Exploratory data analysis

Exploratory data analysis

Figure 1 User Gender Distribution

The chart shows a significant difference in the number of male and female users. This is a female-majority user base, which might influence the type of content that is more popular or the way information spreads on the platform.

This graph highlights the gender imbalance and its potential impact on content preferences and engagement. It discusses how this distribution might affect the spread of information, especially related to this topic, which might resonate differently with different genders.

Figure 2 Verified User Distribution

The platform has a large number of regular users. It emphasizes the dominance of unverified users and the potential implications for content credibility and trustworthiness.

Discuss how the low percentage of verified users might affect the spread of misinformation.

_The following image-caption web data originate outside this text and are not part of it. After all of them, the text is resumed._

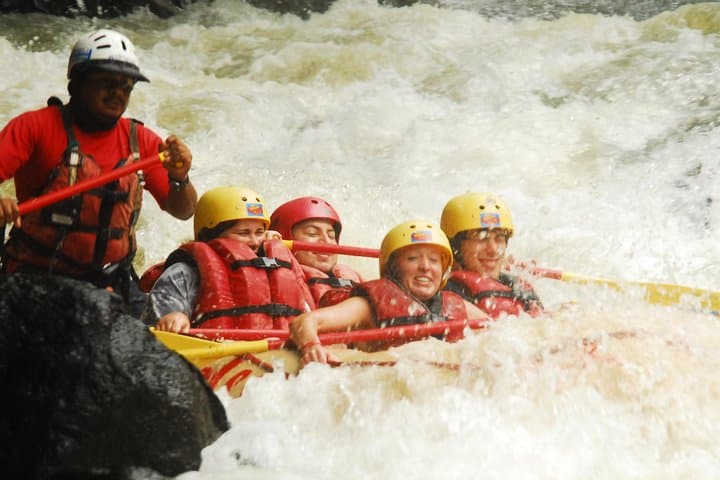 Tenorio River Class III & IV Whitewater Rafting — Full-Day Guanacaste Adventure photo 3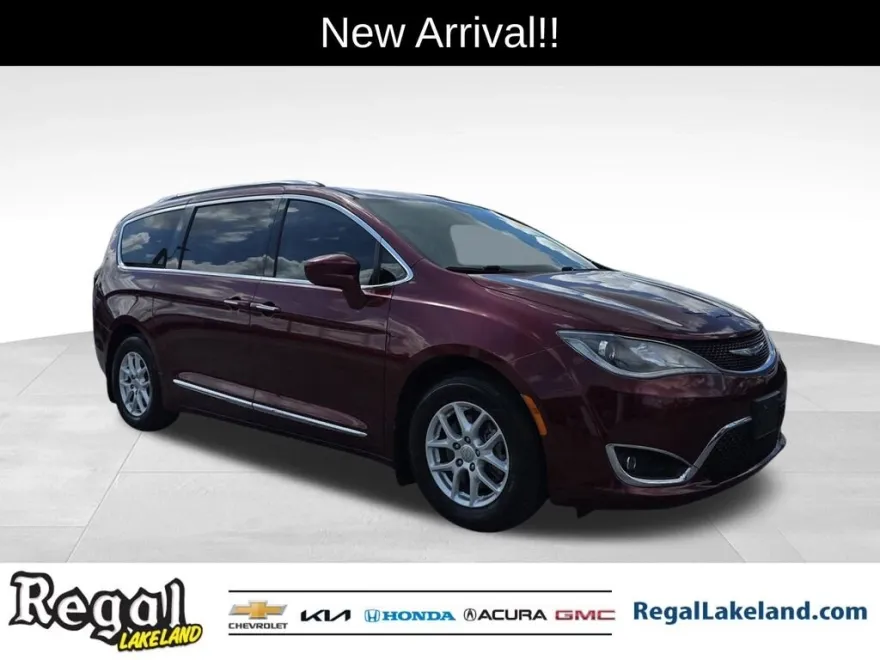 2020 Chrysler Pacifica Touring L photo 1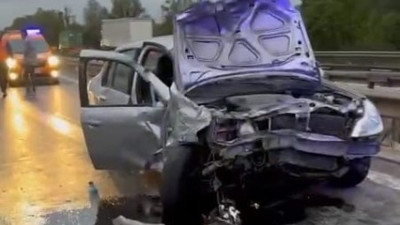 Otomobil ile tır çarpıştı: 2 yaralı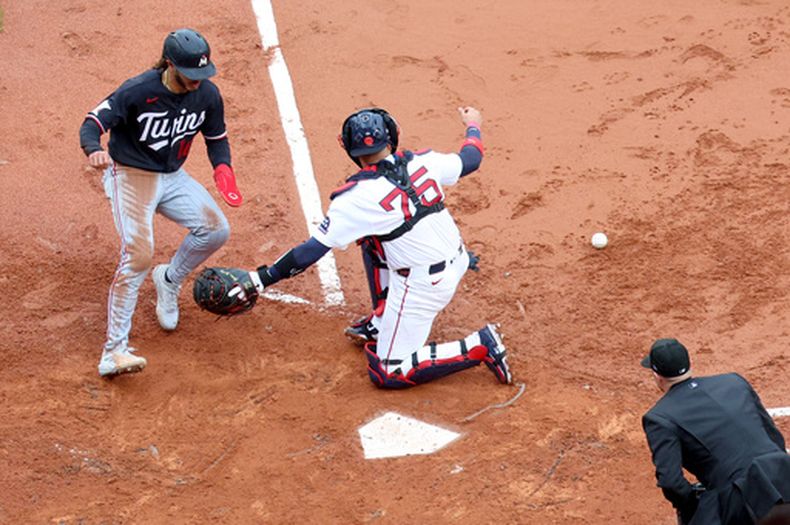 Austin Martin, de los Mellizos de Minnesota (izquierda), anota mientras el receptor de los Medias Rojas de Boston, Carlos Narváez (75), se le escapa la pelota durante la sexta entrada de un partido de béisbol, el domingo 24 de mayo de 2026, en Boston. (Foto AP/Mark Stockwell)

Figure 3 Post Category Distribution


The “other” category has a significantly higher number of posts. Despite the lower count, due to the large sample size, the “COVID-19” category is still substantial, indicating that the pandemic is a major topic of discussion on the platform.

Figure 4 Posts by Hour

There are two distinct peaks. Early morning (0-1 AM) and Evening (8-11 PM). key times for content sharing and engagement. Positive posts peak during the daytime hours (e.g., 10 a.m. to 15 p.m.) with a peak of nearly 5,000 posts. At night (0 to 5 PM), the number of posts drops significantly, with a minimum of less than 1,000 posts. User activity cycle: High interaction during the day may be related to fragmented time, such as work breaks and lunch breaks, reflecting the time dependence of users’ emotional expression. The “golden window” for emotional transmission: Positive content spreads more easily during peak hours, which can provide time-sensitive strategies for anti-rumor campaigns – such as pushing scientific information during active hours to hedge against negative emotions.